00:20:00:  We cut to the medical workup.  Aliens on treadmills.  No, really.  Dr Smith is looking at an internal diagram of said aliens.  She informs him that they don’t have any internal organs she doesn’t recognize and theorizes that they’re basically super-evolved humans.  From another galaxy.  Then it gets dumber.  So, so much dumber.

She informs Bridger that she’s been theorizing that evolution will eventually result in a switch from carbon-based to silicon-based life due to the fact that silicon-based lifeforms are “durable, organic, relatively invulnerable to damage.”  What is this?  I don’t even know where to begin.  Oh, wait, I didn’t know that carbon-based lifeforms aren’t organic.  I guess I should go tell those local food snobs down at the farmer’s market that they’re doing it wrong.

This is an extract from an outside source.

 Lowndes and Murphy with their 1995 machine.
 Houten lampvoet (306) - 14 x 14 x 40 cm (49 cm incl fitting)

Also the aliens have both sets of genitalia and they seem to think that the aliens, um, reproduce with themselves.  Apparently this is a good thing.  Because super-duper inbreeding isn’t a problem when you’ve evolved into a silicon-based life form, dagnabit.

I have a headache and we’re only halfway through.  I think I’ll turn this into a two-parter.

———————

[1]Little known fact:  This scene was actually the inspiration for the Weeping Angels.  They were originally known as Weeping Hobos and the reason you’re not supposed to blink is because they’d steal your sandwiches and malt liquor while you weren’t looking.  The only reason Piccolo, Lucas, and Dagwood survived was because they weren’t packing liquor, due to the fact that this is ‘90s network TV and no one in the Navy consumed liquor in the ‘90s on network TV.

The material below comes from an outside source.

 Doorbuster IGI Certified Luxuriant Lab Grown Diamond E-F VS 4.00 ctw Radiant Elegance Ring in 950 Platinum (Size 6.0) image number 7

Also, it was decided during pre-production for “Blink” that the Weeping Hobos idea was kind of stupid, so instead they switched to the Weeping Angels.  Thus was born an iconic sci-fi villain.  Until they were way, way overused, thereby inviting too much time to contemplate the sheer silliness of the concept.  I mean, really.  The Angels’ movement is determined by whether or not someone is looking at them?  That means they’re invulnerable, terrifying assassins with the mental capacity of a six-month old child.  If the Doctor was really smart he’d just hold the lot of ‘em at bay with some well-placed houseflies.  Or maybe spiders.

That said, I still get creeped out by statues.

[2]Or were they?  Ooo-ooo-ooo!

One thought on “Liveblogging seaQuest Season 2: The Fear that Follows

  1. When one character told another something they obviously both knew ,but the audience didn’t, it used to be called “As you know, Bob”. It’s better than an infodump, but I agree, this sort of thing can be done much more smoothly.

    What a dolphin interacting with humans really needs is a powered frame to lie in and do all that tedious “walking” stuff. Found a picture (miniature from Steve Jackson Games, based on Brin’s Uplift books).